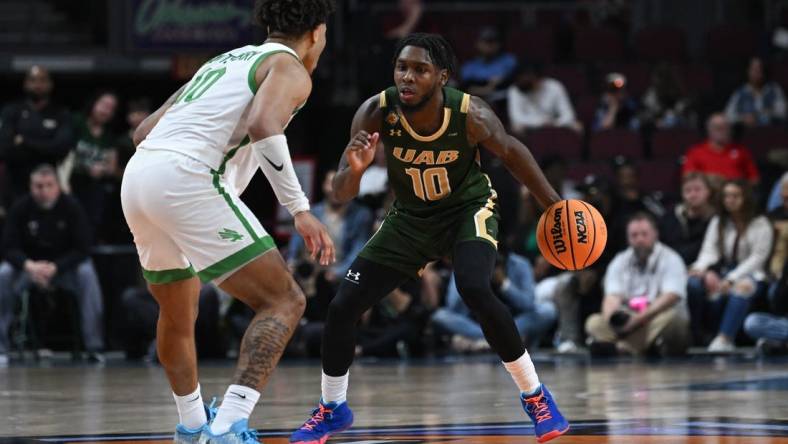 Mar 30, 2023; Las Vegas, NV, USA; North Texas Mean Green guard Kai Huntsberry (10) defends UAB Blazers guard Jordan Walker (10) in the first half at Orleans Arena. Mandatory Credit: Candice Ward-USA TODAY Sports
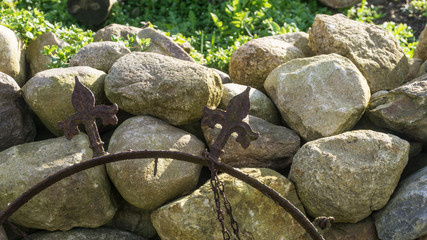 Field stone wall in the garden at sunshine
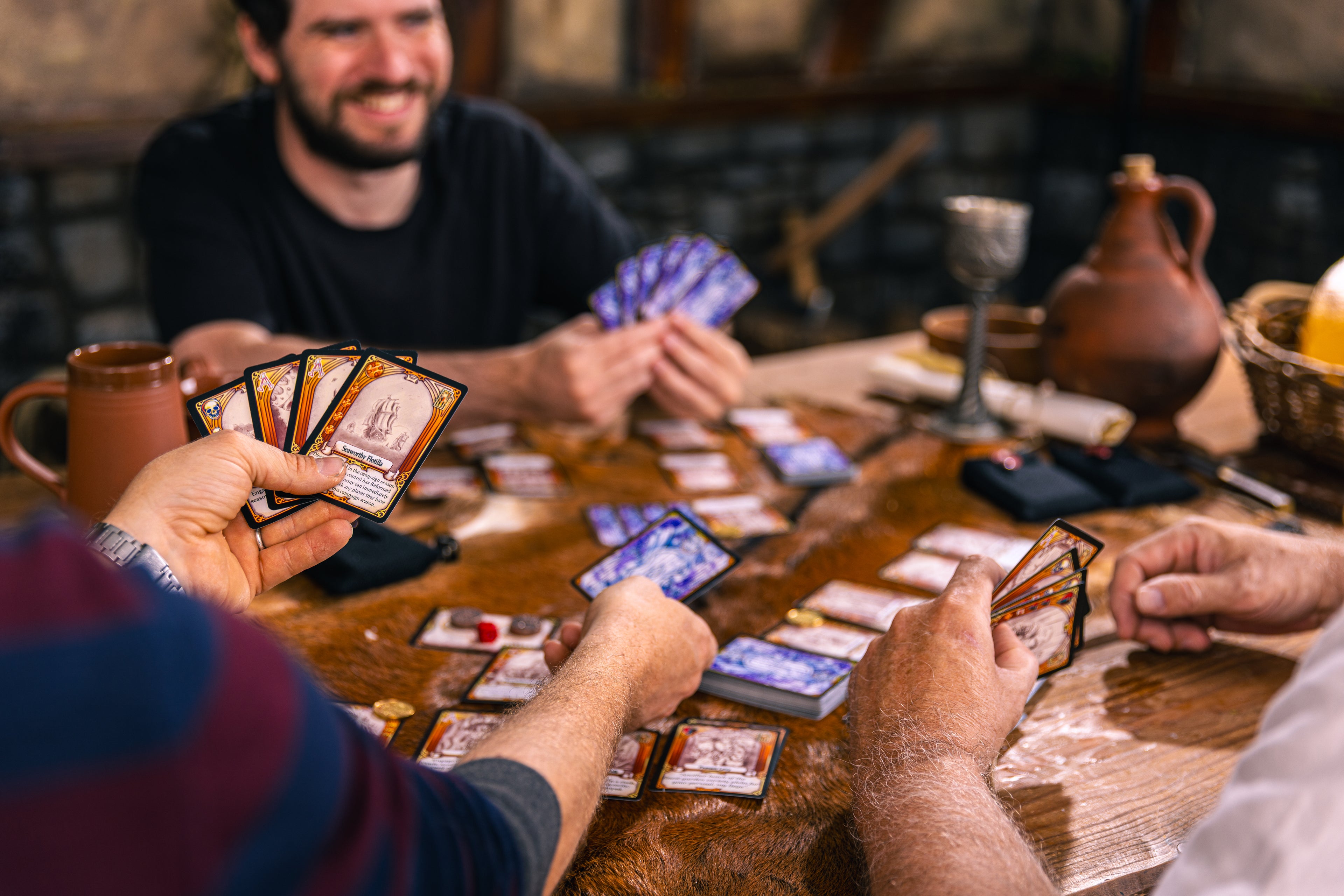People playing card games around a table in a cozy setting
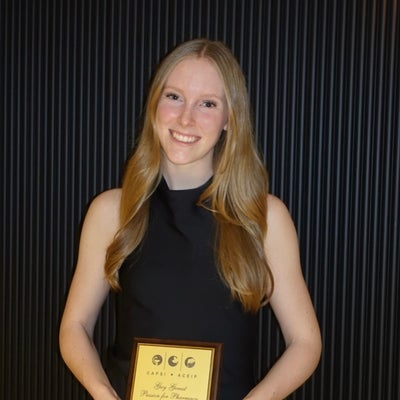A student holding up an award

Problem statement =
Copy the listing word for word, excluding its pictures.

Completed task =
 Mar 30, 2023; Las Vegas, NV, USA; North Texas Mean Green guard Kai Huntsberry (10) defends UAB Blazers guard Jordan Walker (10) in the first half at Orleans Arena. Mandatory Credit: Candice Ward-USA TODAY Sports
 Field stone wall in the garden at sunshine
People playing card games around a table in a cozy setting
A student holding up an award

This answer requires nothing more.